It's Time to Light Those Motherfucking Blunts: An Interview With the Composers for 'Planet Earth II'
“That’s what’s so great about the series. It’s not reality TV. It’s dolphins in rivers.”
The first time I can remember being awed by nature I was 14 or 15, hiking through some mountains in Colorado. It was early in the morning and the sun was rising over a small valley small valley where my summer camp group and I had pitched our tents overnight. Everything had a sparkling, dewy sheen and the creek we camped by reflected the sky's bright blue and pink hues. Forests and fields sprawled for miles, and I swore a quick 360 would reveal every single color known to man. The second time I felt this sensation was half an hour into the Mountains episode of Planet Earth II, while David Attenborough explains to viewers the hostile climate of the volcanic peaks of the Andes, 4000 meters from sea level. As the camera pans out to show flamingos living where the atmosphere is thin enough that UV rays could burn human skin in four minutes, while wind whips salt from the lake high into the air. "I'm jacked as hell on nature" I texted to several people.

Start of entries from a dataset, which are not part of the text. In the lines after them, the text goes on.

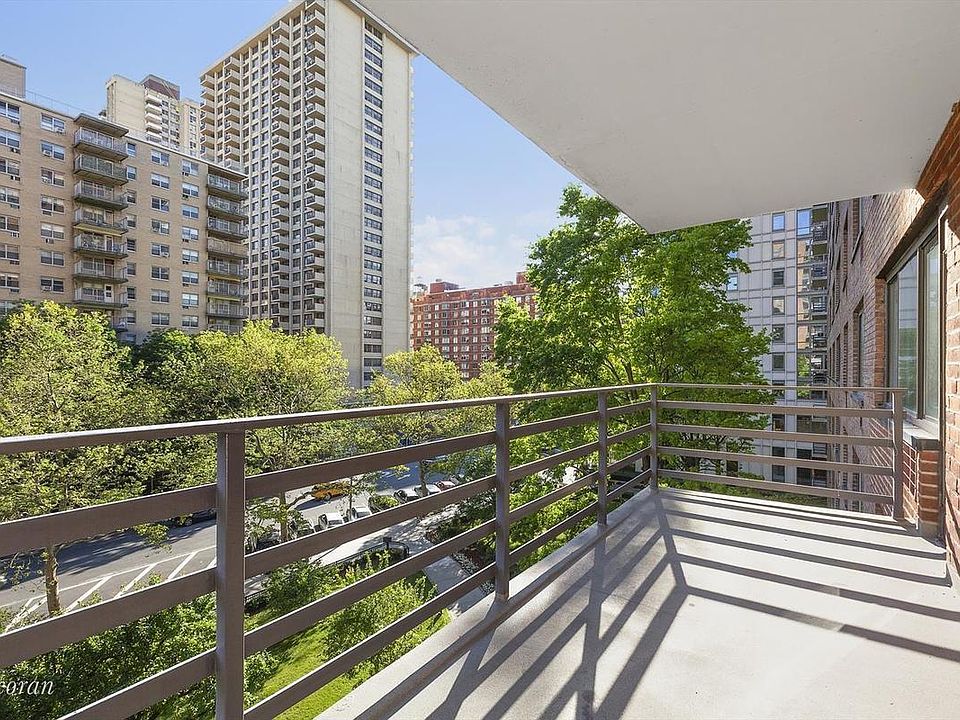 1st image of 382 Central Park W APT 5W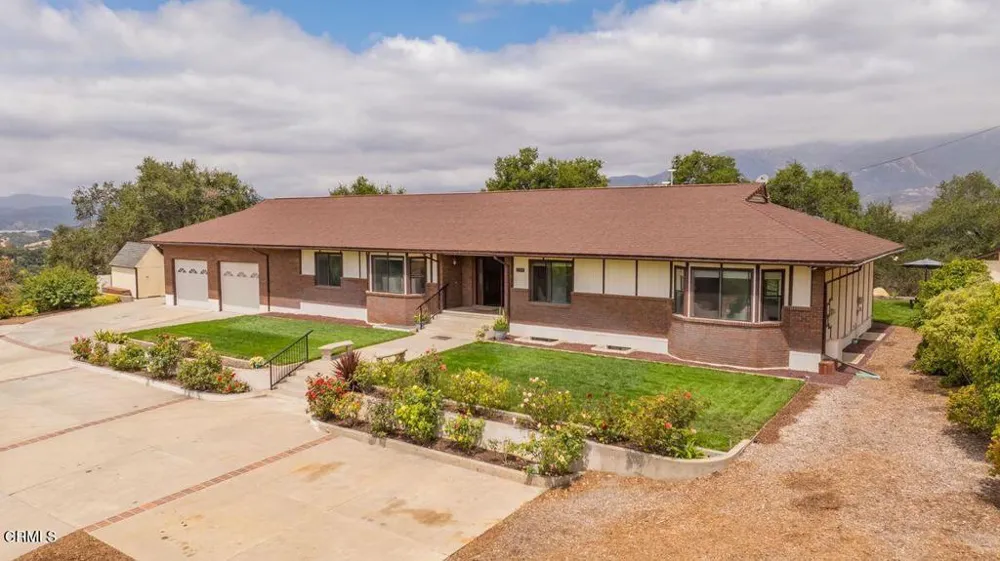 2999 Valley Meadow Drive Oak View, CA 93022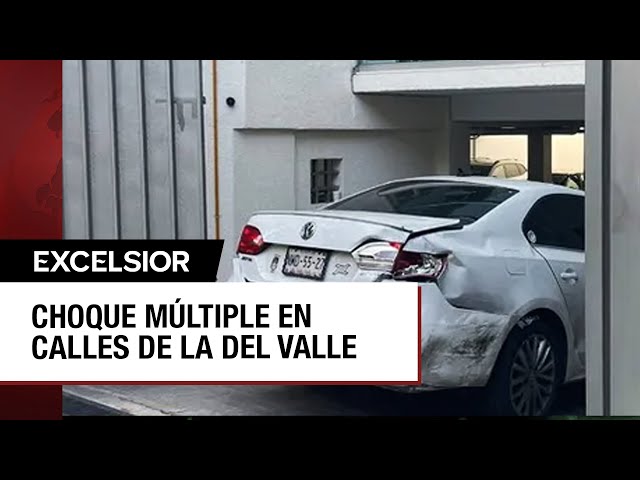 ⁣Automovilista choca y termina dentro de un edificio de la colonia Del Valle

In order to get viewers as jacked on nature as possible, producers for Planet Earth II spend many years filming their respective region with some of the most advanced recording technology available. Then all of that footage is condensed and edited to create a compelling narrative, and once that's done it's sent to the show's composers, Jake Shea and Jasha Klebe. Shea and Klebe were kind enough to talk to Noisey about scoring for Planet Earth II, their favorite episode from the new series, and, of course, whether or not they enjoy some of that Good Green while watching themselves.
NOISEY: How did you get involved with Planet Earth?
KLEBE: Jake and I both worked for the company Bleeding Fingers Music, so they kind of approached Bleeding Fingers about pitching for the show. So Jacob and I did a joint pitch and they fortunately liked it. We were coming from a different angle, for sure. We were trying to do a much more cinematic approach to it than what we had seen done in previous [nature documentaries].
NOISEY: What fresh approach did you take for this?
SHEA: Using absolutely every kind of music-making instrument or sound we could find, from orchestras to synthesizers to weird instruments that are from around the world. There's nothing off-limits.
KLEBE: Even as far as taking sound design elements that they had recorded when out shooting animals and incorporating that into the score. We really wanted to blur the lines between what was natural sounds and what was music, so that it felt very part of the series still. The series itself, it's such an interesting portrayal of these animals, and so we really wanted to make sure that the music felt that way as well, and really brought the audience in as close as possible to them.
NOISEY: How did you decide to score the different animals? I feel like, when watching, that the birds had sort of this dopey soundtrack, whereas the cats had a little bit more of a dramatic one, and the monkeys had a serious one.
SHEA: Yeah, I think certainly we took … the directors of all these episodes provided us with some descriptors of how they wanted each scene to feel, and that was a guiding light in terms of orchestration or what particular collection of instruments we used. It was whatever felt the most natural.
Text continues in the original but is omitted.